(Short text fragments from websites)
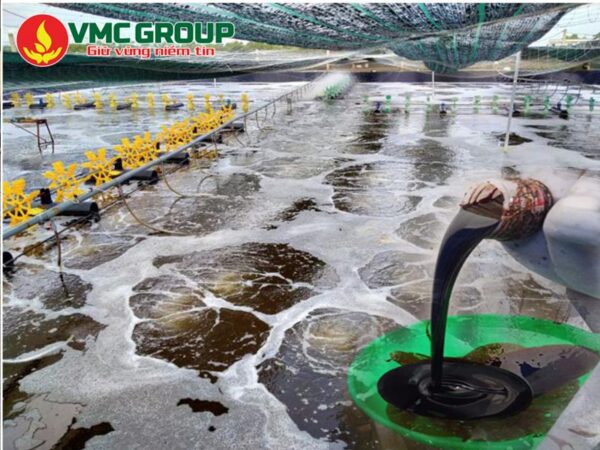 ỨNG DỤNG CỦA RỈ MẬT TRONG NUÔI VI SINH XỬ LÝ NƯỚC THẢI VÀ AO NUÔI THỦY SẢN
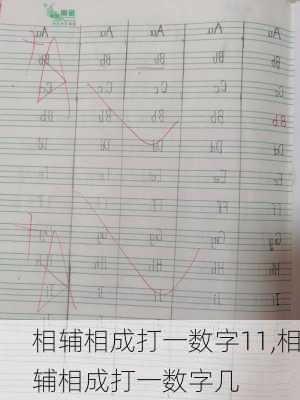 相辅相成打一数字11,相辅相成打一数字几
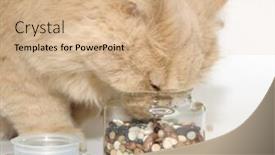  Presentation with persian - Slide deck with persian-cat-smelling-glass background and a coral colored foreground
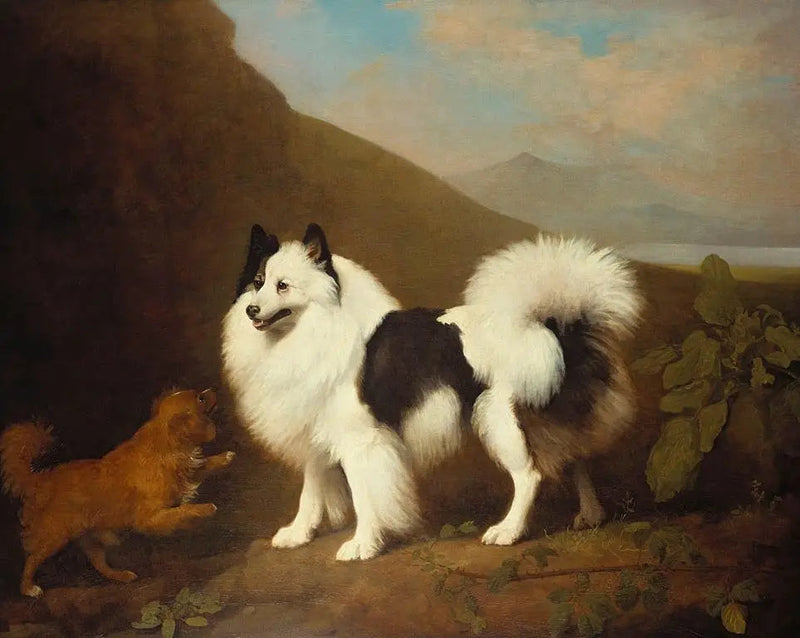 피노와 타이니 - 조지 스터브스

Source:
Fino et Tiny - George Stubbs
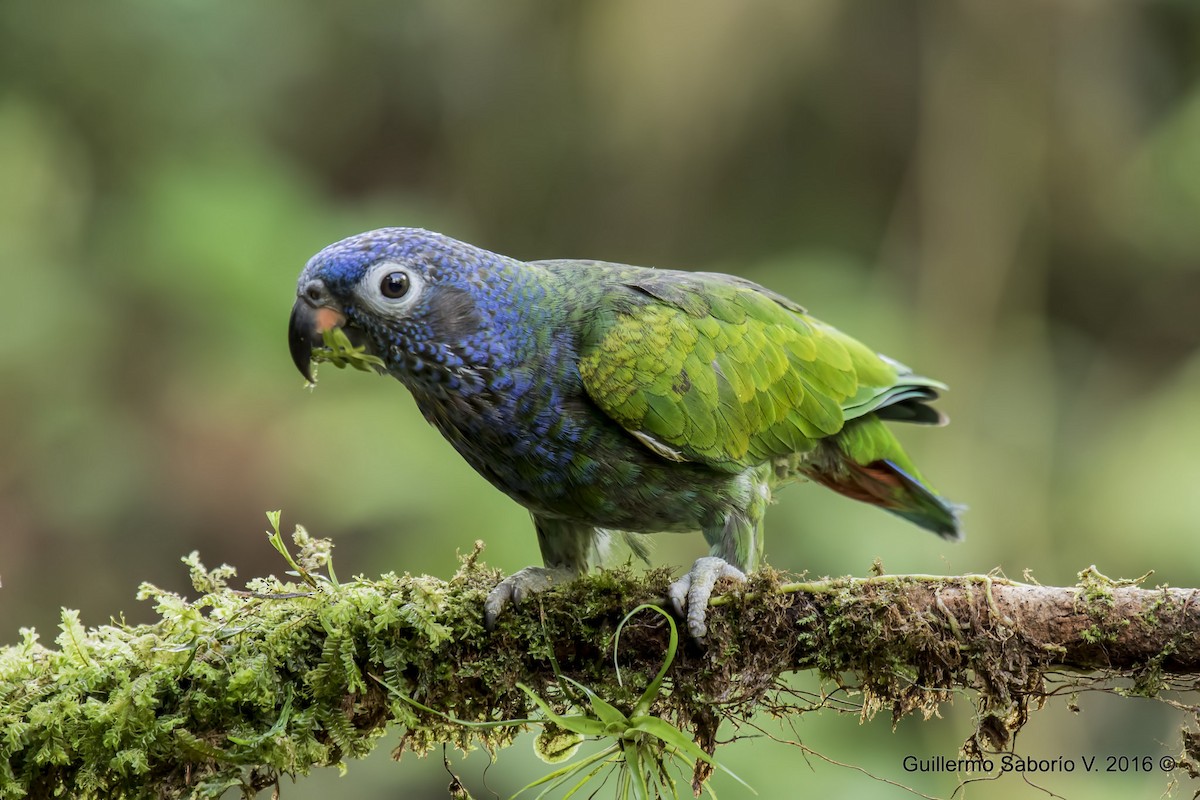 Blue-headed Parrot - Guillermo  Saborío Vega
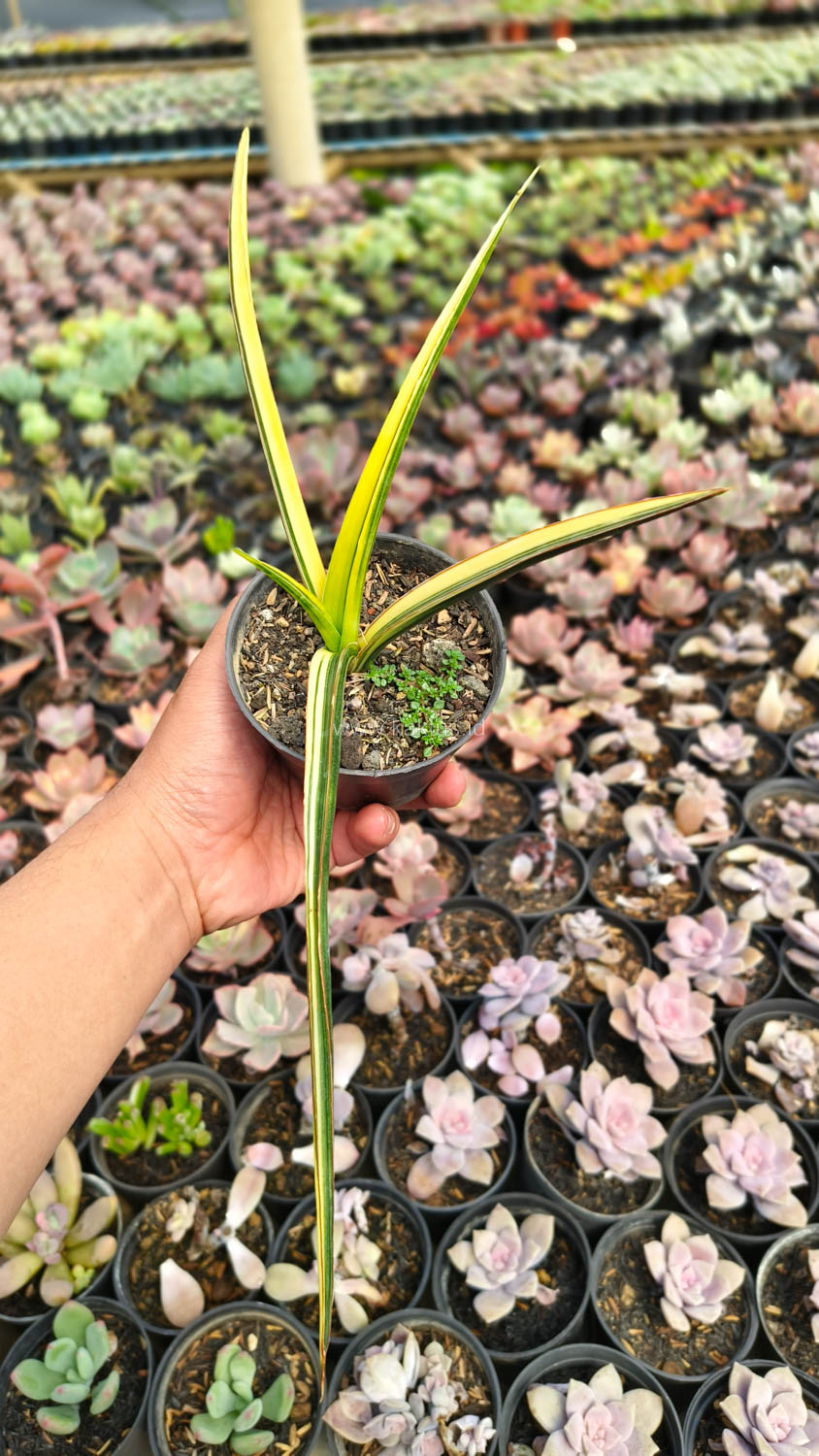 1173. Sansevieria Midnight Fountain Variegated - Image 8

** Task details **
Could you write out exactly the lines running from the one with "Fino et Tiny - George Stubbs" through the last line of the data above, both ends kept, and omit any picture?

** Task output **
Fino et Tiny - George Stubbs
 Blue-headed Parrot - Guillermo  Saborío Vega
 1173. Sansevieria Midnight Fountain Variegated - Image 8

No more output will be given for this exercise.